To adjust logging level use sc.setLogLevel(newLevel). For SparkR, use setLogLevel(newLevel).


Usaremos el archivo **bolsa1.json**. Lo primero es crear un esquema apropiado para dicho archivo. 

In [2]:
# Definimos el esquema de los datos de entrada
from pyspark.sql.types import StructType, StructField, StringType, IntegerType
bolsaSchema = StructType([
    StructField("CreatedTime", StringType()),
    StructField("Type", StringType()),
    StructField("Amount", IntegerType()),
    StructField("BrokerCode", StringType())
])

Debe  colocarse en el directorio **/user/jovyan/entrada**. Si se coloca en otro hay que modificar la opción *path* de *readStream*.

In [3]:
# Configuramos la lectura de fichero en formato JSON
rawDF = spark.readStream \
        .format("json") \
        .option("path", "entrada") \
        .option("maxFilesPerTrigger", 1) \
        .schema(bolsaSchema) \
        .load()

rawDF.printSchema()

root
 |-- CreatedTime: string (nullable = true)
 |-- Type: string (nullable = true)
 |-- Amount: integer (nullable = true)
 |-- BrokerCode: string (nullable = true)
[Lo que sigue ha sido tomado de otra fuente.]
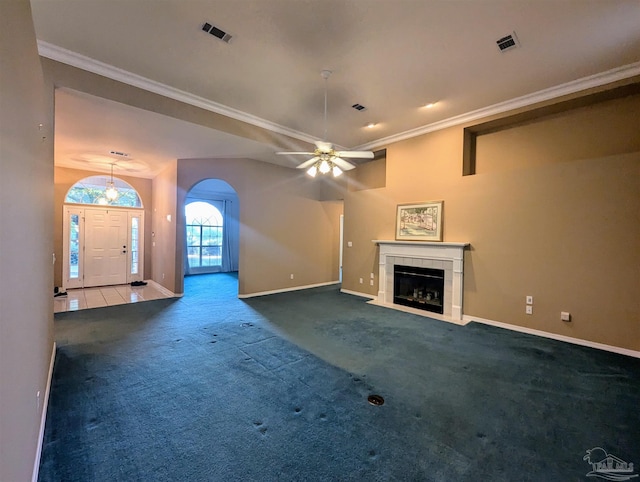 unfurnished living room featuring a tiled fireplace, crown molding, ceiling fan, and dark colored carpet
Creamos un nuevo DF a partir del anterior. A las columnas existentes añadiremos dos nuevas:
- **Compras**: tendrá el valor de la columna *Amount* si la columna *Type* tiene el valor *BUY*, 0 en caso contrario.
- **Ventas**: tendrá el valor de la columna *Amount* si la columna *Type* tiene el valor *SELL*, 0 en caso contrario.

In [4]:
from pyspark.sql.functions import to_timestamp, col, expr
accionesDF = rawDF.withColumn("CreatedTime", to_timestamp(col("CreatedTime"), "yyyy-MM-dd HH:mm:ss")) \
    .withColumn("Compras", expr("case when Type == 'BUY' then Amount else 0 end")) \
    .withColumn("Ventas", expr("case when Type == 'SELL' then Amount else 0 end"))

accionesDF.printSchema()

root
 |-- CreatedTime: timestamp (nullable = true)
 |-- Type: string (nullable = true)
 |-- Amount: integer (nullable = true)
 |-- BrokerCode: string (nullable = true)
 |-- Compras: integer (nullable = true)
 |-- Ventas: integer (nullable = true)



Agrupamos por ventanas de **CreatedTime** de 15 minutos de duración, agregando mediante suma las columnas *compras* y *ventas*. 

In [5]:
from pyspark.sql.functions import window, sum
windowDF = accionesDF \
    .groupBy(  # col("BrokerCode"),
         window(col("CreatedTime"), "15 minutes")) \
    .agg(sum("Compras").alias("Compras"),
         sum("Ventas").alias("Ventas"))

salidaDF = windowDF.select("window.start", "window.end", "Compras", "Ventas")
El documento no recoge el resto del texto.